The first reported major epidemic in East Africa was the Great Epidemic of 1900, which devastated the Busoga focus in Uganda and Kenya (18, 21); some half a million people were estimated to be infected during this epidemic (62). T. b. gambiense was thought to be the causative agent, although at that time the more familiar East African subspecies, T. b. rhodesiense, had yet to be described. There were certainly no available diagnostic features which led anyone to suspect that the causative agent was anything other than the previously described T. b. gambiense. Recently, it has been proposed by Koerner et al. that this epidemic was, in fact, caused by T. b. rhodesiense (76). This notion is based on a reexamination of the literature and, in particular, the description of the rapid growth of the parasites in laboratory rodents, a feature not characteristic of T. b. gambiense parasites. The literature describes the presence of T. b. gambiense sleeping sickness in the Busoga focus until the 1950s, but with the unavailability of distinguishing markers and in light of the compelling evidence of Koerner et al. (76), the possibility that T. b. rhodesiense has been there all the time cannot be ruled out. Although this issue may never be resolved, sensitive molecular biological techniques (e.g., PCR) may be able to address this question by using historical collections of microscope slides.

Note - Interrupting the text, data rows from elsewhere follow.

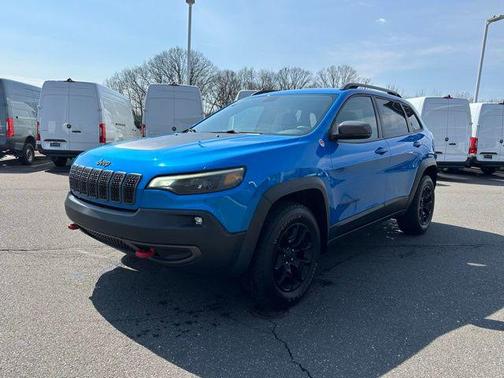 Hydro Blue Pearlcoat 2019 Jeep Cherokee Trailhawk Elite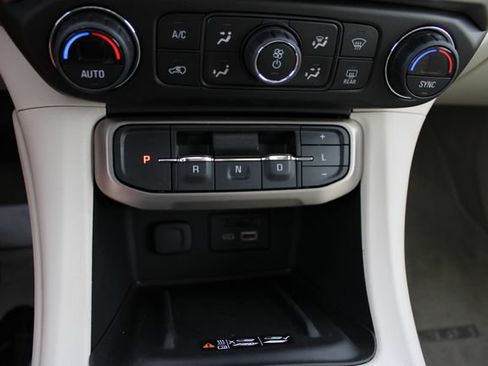 Used 2022 GMC Acadia Denali w/ Denali Technology Package FWD image 21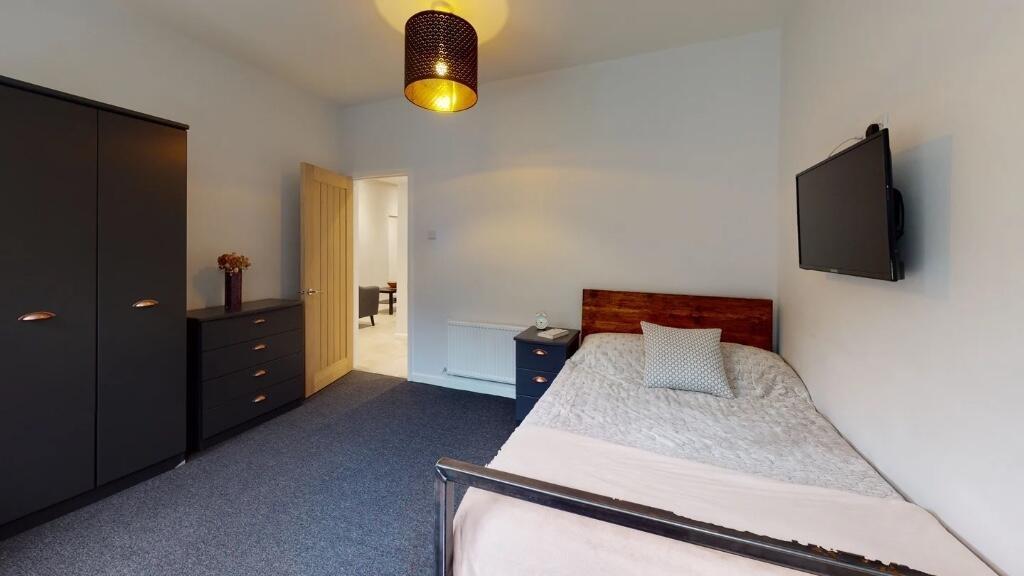 A tidy and well-maintained single bedroom featu...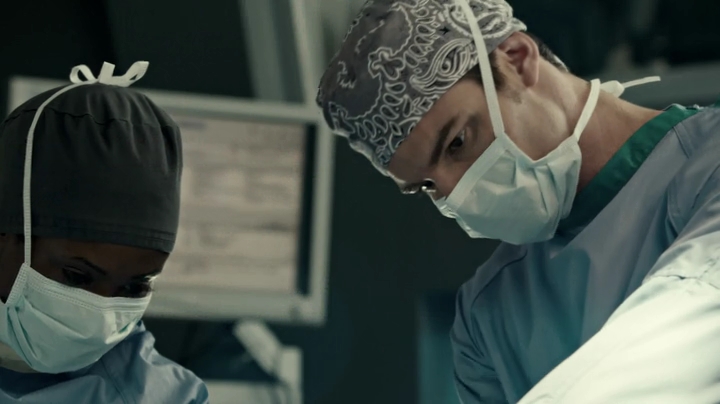 VampireDiariesWorld-dot-org_SavingHope2x18-0814.jpg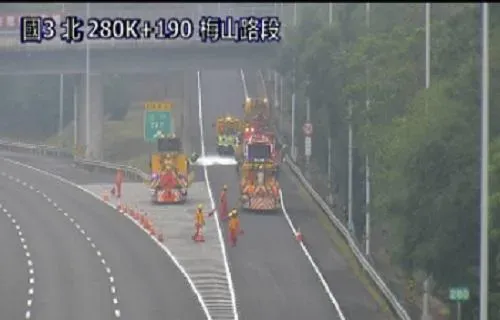 快訊/國3北上梅山段貨車翻覆！　橫躺匝道口「暫時封閉」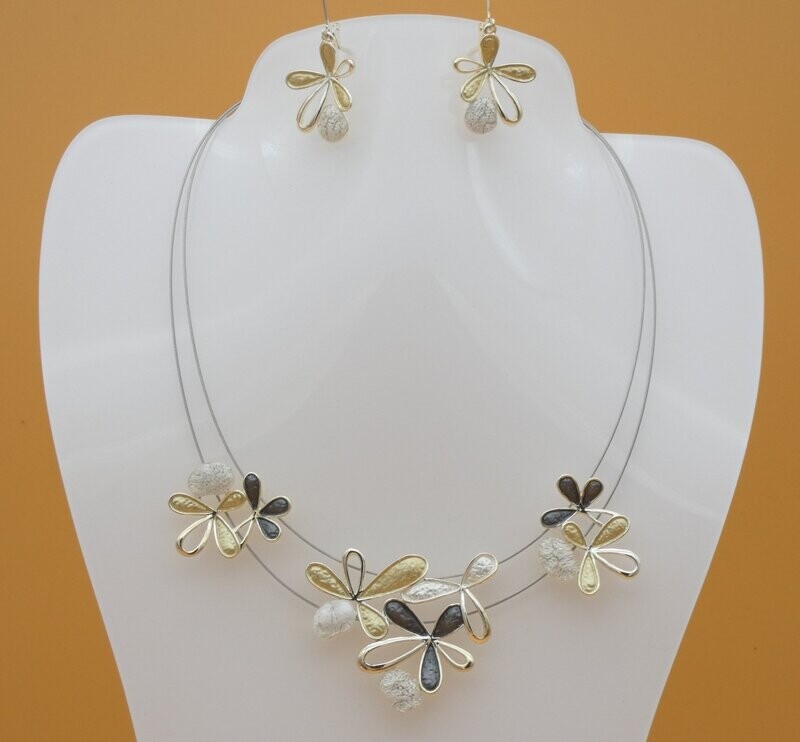 Set - Collier + Ohrstecker im Blütenmuster Set - Collier + Ohrstecker im Blütenmuster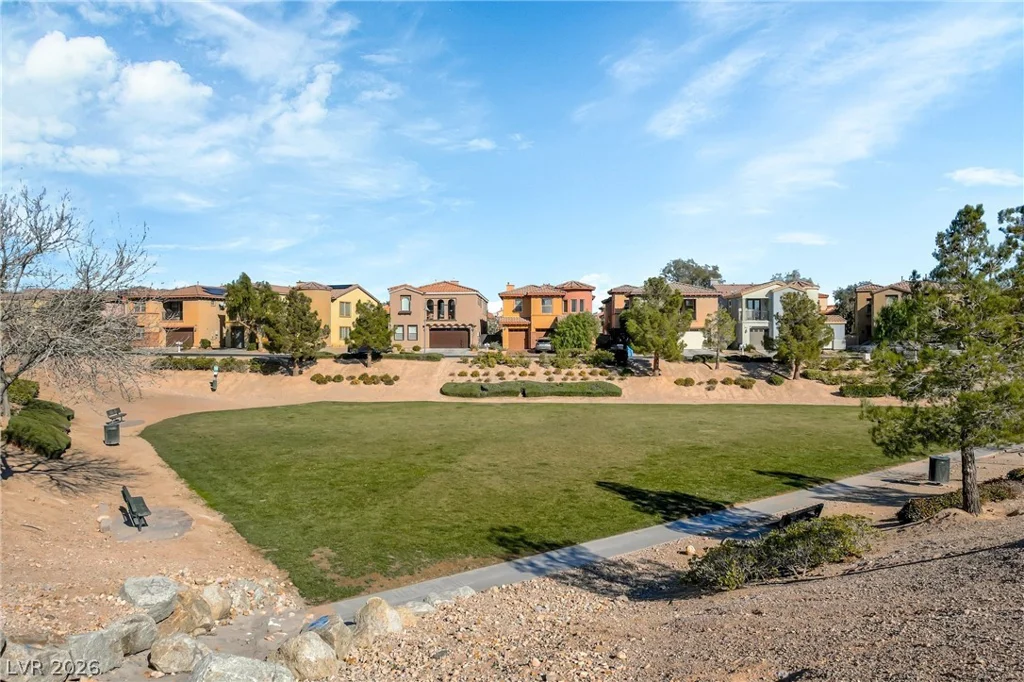 211 Honors Course, Las Vegas, NV 89148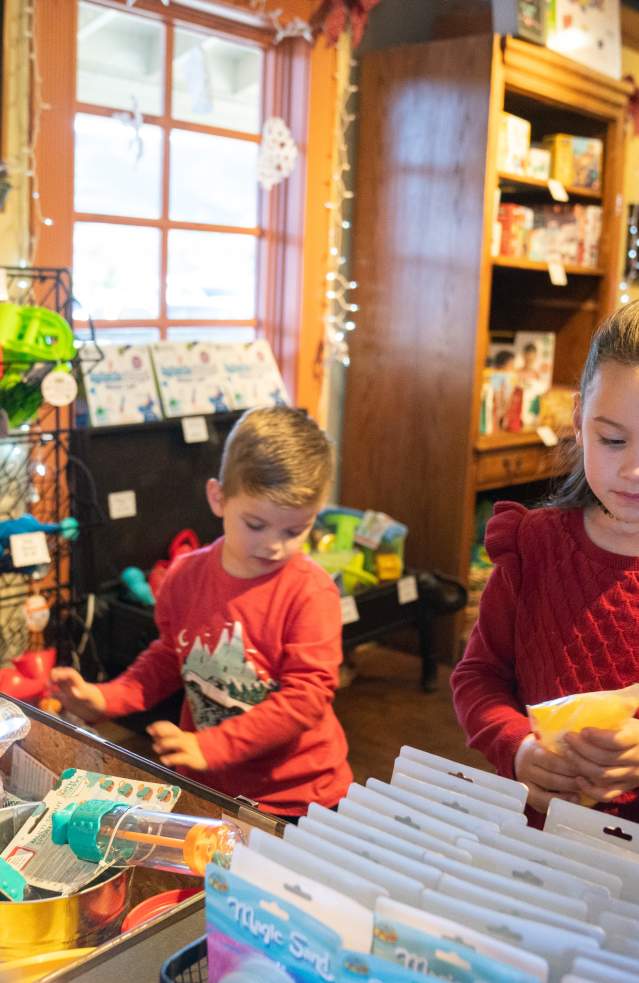 Little boy and girl playing in Pennypickle's in Temecula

The first reported isolation of T. b. rhodesiense from a sleeping sickness patient was made in 1908 by Stephens and Fantham (115), some 1,200 miles south of the Busoga focus, in the Luangwa Valley in Zambia. Since then, many T. b. rhodesiense epidemics have been reported in East Africa (Figure 1). Based on the timing of the appearance of these epidemics, Ormerod (96) proposed that T. b. rhodesiense spread northward through Rhodesia (now Zimbabwe), Nyasaland (now Malawi), and Tanganyika (now Tanzania) before appearing in the early 1960s in the Busoga focus of Uganda. This theory of the “epidemic spread of Rhodesian sleeping sickness” implies that T. b. rhodesiense is a single strain which has spread throughout East Africa. This is clearly at odds with the proposal of Koerner et al. (76), which suggests that T. b. rhodesiense was already present in the Busoga focus at the turn of the century. At the time when Ormerod (96) proposed his theory, sensitive techniques for the detailed discrimination of T. brucei subsp. were not yet available, and more recent evidence, using molecular biological approaches (62–64), indicates that the T. b. rhodesiense strains responsible from sleeping sickness in the Busoga and Luangwa Valley foci are quite unrelated. It seems unlikely, therefore, that the spread of a single strain can explain the history of epidemics in East Africa.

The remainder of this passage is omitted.